Metropolitan News-Enterprise

 

Tuesday, November 8, 2016

 

Page 1

 

County Bar to Phase Out Civic Mediation Project

Action Taken as Cost-Cutting Measure

 

By KENNETH OFGANG, Staff Writer

 

Trustees of the Los Angeles County Bar Association have decided to phase out the group’s Civil Mediation Project.

In a press release, dated Friday and posted on the association’s website, LACBA said the project has served more than 100,000 people in its 38 years and would be phased out by June 30, which is the end of LACBA’s fiscal year. The release quoted President Margaret Stevens as saying the project’s elimination was a necessary cost-cutting measure.
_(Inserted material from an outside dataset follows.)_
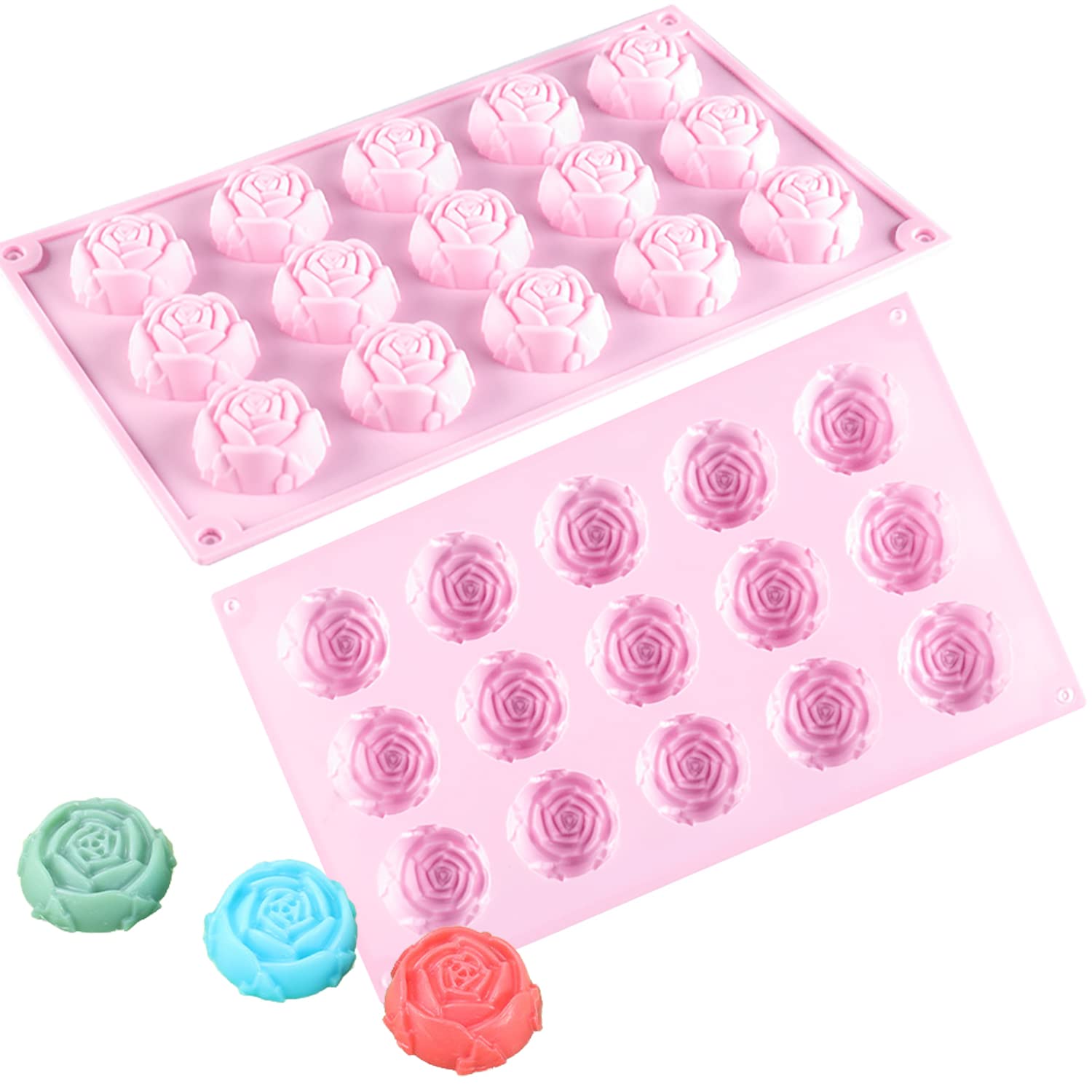 View 1 of *BROWN* Rose Candy Chocolate Silicone Mold with 15 Hole Large Rose Shape Mold?DIY Flower Cookies Candy Gummy Chocolate Mold Perfect for Soap, Mousse Ice Cream Tray 1 Pack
“LACBA’s Board of Trustees made the very difficult decision to wind down the Civic Mediation Project because the Project was unable to develop ongoing financial support to sustain its operations,” she said. “This was not an easy decision. It came only after many years of unsuccessful efforts to identify appropriate funding resources.”

Dispute Resolution Services

LACBA said the project was founded in 1978 as Dispute Resolution Services in response to recommendations of the National Conference on the Causes of Popular Dissatisfaction with the Administration of Justice, otherwise known as the Roscoe Pound Conference.

Stevens commented:

“The Civic Mediation Project was one of only three organizations in the country that focused exclusively on conflict resolution, which was an entirely new concept at the time. Today, many organizations offer this type of alternative to litigation. We are proud of the Project’s contributions, especially its impact on student participants.” Since it was founded 38 years ago, more than 100,000 people have utilized the project’s services, Stevens said.

‘A Small Start’

John Carson, chair of the Council of Sections, which made LACBA’s financial woes a major part of its “reform” campaign that won a majority of the board seats at stake this year, said the association’s pro bono projects “are on track to lose $1.4 million this year.” Terminating the Civic Mediation project will save $429,000 next year, Carson said, and “indicates a growing awareness that there’s a fiscal problem but…is only a small start.”

Carson, who is also a former LACBA president, noted that the association is headed toward losing about three quarters of a million dollars this year,” after having lost $2.5 million over the past five years.

LACBA President-Elect Michael Meyer, who led the Council of Sections-backed slate, said he was unhappy that a “great project” was being eliminated, but that the group’s economics made it necessary. He added that the board will “take a fresh look at everything” when it comes to future cuts.

The Civic Mediation Project currently provides “community mediation” services for neighborhood and small claims disputes in Beverly Hills, Santa Monica, and Long Beach; a peer mediation program for students at John Adams and Lincoln Middle Schools in the Santa Monica-Malibu School District and Pacoima’s Maclay Middle School Academy of Social Justice in the Los Angeles Unified School District; conflict resolution training, and day-of-hearing mediation services for unlawful detainer matters in Long Beach, LACBA said.

The association added that it had “reached out to the Civic Mediation Project’s community stakeholders to convey this news in order to provide them with an opportunity to search for other organizations that may be able to provide similar services.”